Superset’s origins are in fast, slice & dice, exploratory analytics specifically for Apache Druid. In this workflow, it’s natural to alternate between:
- prototyping visualizations quickly using different metrics
- defining a set of commonly used metrics for wider use in an organization
In more specific terms, a metric in Superset is any valid, aggregating SQL snippet that can be included in a SELECT clause. Each line within the SELECT clause below are valid metrics in Superset:
SELECT COUNT(*), SUM(CASE WHEN action='deal_closed' THEN 1 ELSE 0 END), MAX('revenue'), SUM('deals_open') / SUM('deals_closed') MAX('revenue') - MIN('revenue')
Here are some use cases:
Converting a text / categorical value to an integer, for visualization:
SUM(CASE WHEN action='deal_closed' THEN 1 ELSE 0 END)
Computing a ratio of deals open to deals closed:
SUM('deals_open') / SUM('deals_closed')
Calculating the range for a column:
MAX('revenue') - MIN('revenue')
The easiest way to get started with metrics is to select a Time-series visualization type while in the Explore workflow. Then, you can quickly try a few different metrics.
Then, if you want to publish a metric for more common use, you can persist the metric in the Edit Dataset view.
Calculated columns let you define simple transformations (as SELECT statements) for quick, last-mile data preparation.

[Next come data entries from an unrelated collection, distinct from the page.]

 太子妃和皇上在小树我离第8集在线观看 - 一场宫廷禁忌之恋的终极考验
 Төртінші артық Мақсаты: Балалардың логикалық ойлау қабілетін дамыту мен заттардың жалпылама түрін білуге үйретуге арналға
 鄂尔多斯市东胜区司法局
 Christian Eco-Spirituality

You can define any valid, non-aggregate SQL snippets that can be included in a SELECT clause. Note that this means you can reference multiple columns in your calculated column queries.
Here are some examples:
To create a Table chart with clickable links, you can use a calculated column to augment the underlying data with HTML. The following snippet performs string concatenation to generate HTML using each row’s value for
CONCAT('<a href="https://github.com/", repo, '/issues', parent_id, ">', title, '</a>')
For a more human-friendly presentation in visualizations, you often want to re-label group names in your data.

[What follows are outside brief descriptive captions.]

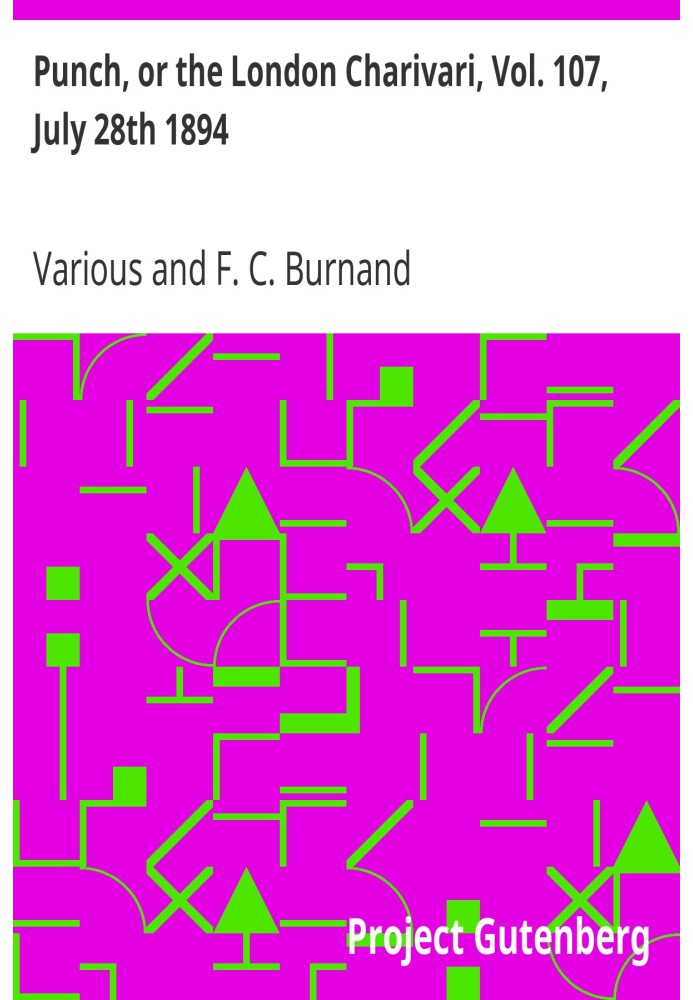 Панч, або Лондонський чаріварі, том. 107, 28 липня 1894 р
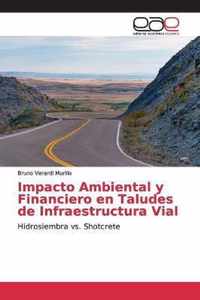 Impacto Ambiental y Financiero en Taludes de Infraestructura Vial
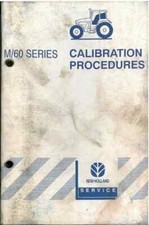 New Holland Tractor 8160 8260 8360 8560 & M100 M115 M135 M160 Calibration Manual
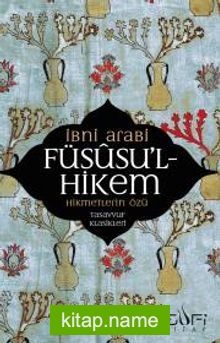 Füsusu’l-Hikem Hikmetlerin Özü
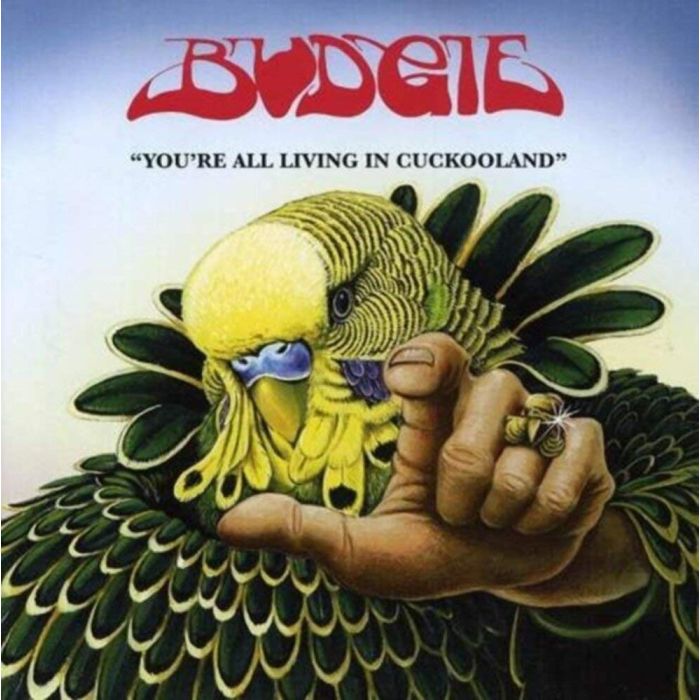 BUDGIE - CUCKOOLAND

Case When is_purchased is 0 then 'No' When is_purchased is 1 then 'Yes' Else 'N/A’ End
Converting / casting column types
CAST(sales_cts) as int)
Calculating number of days between two date columns
DATE_DIFF(DATE '2010-07-07', DATE '2008-12-25', DAY)
Ultimately, the end-user facing features of Superset (like the ones discussed in this post) help you generate more complex SQL queries.
- Virtual datasets, metrics, and calculated columns provide useful abstractions and superpowers to augment your queries.
- Explore provides a no-code, drag & drop UI for quickly generating queries that power visualizations.
Because the final artifact of the workflows in Superset is SQL, you can use SQL Lab to debug any of the queries that are written. When in Explore, select the hamburger menu in the top right corner and then select View Query to observe the query Superset generated. You can then copy, paste, and run the the query in SQL Lab (make sure you’ve selected the right database context from the drop-down menu while in SQL Lab).
An even faster method is to click Run in SQL Lab from the hamburger menu.
From here, you can:
- Inspect and internalize the shape of complex data, so you can discover what changes in your assumptions you may need to make
- Debug SQL query issues and update the relevant virtual dataset, metric, or calculated column
We'll end this post by mentioning the Semantic Layer documentation in our Preset Docs, which acts as a solid reference & complement to this post.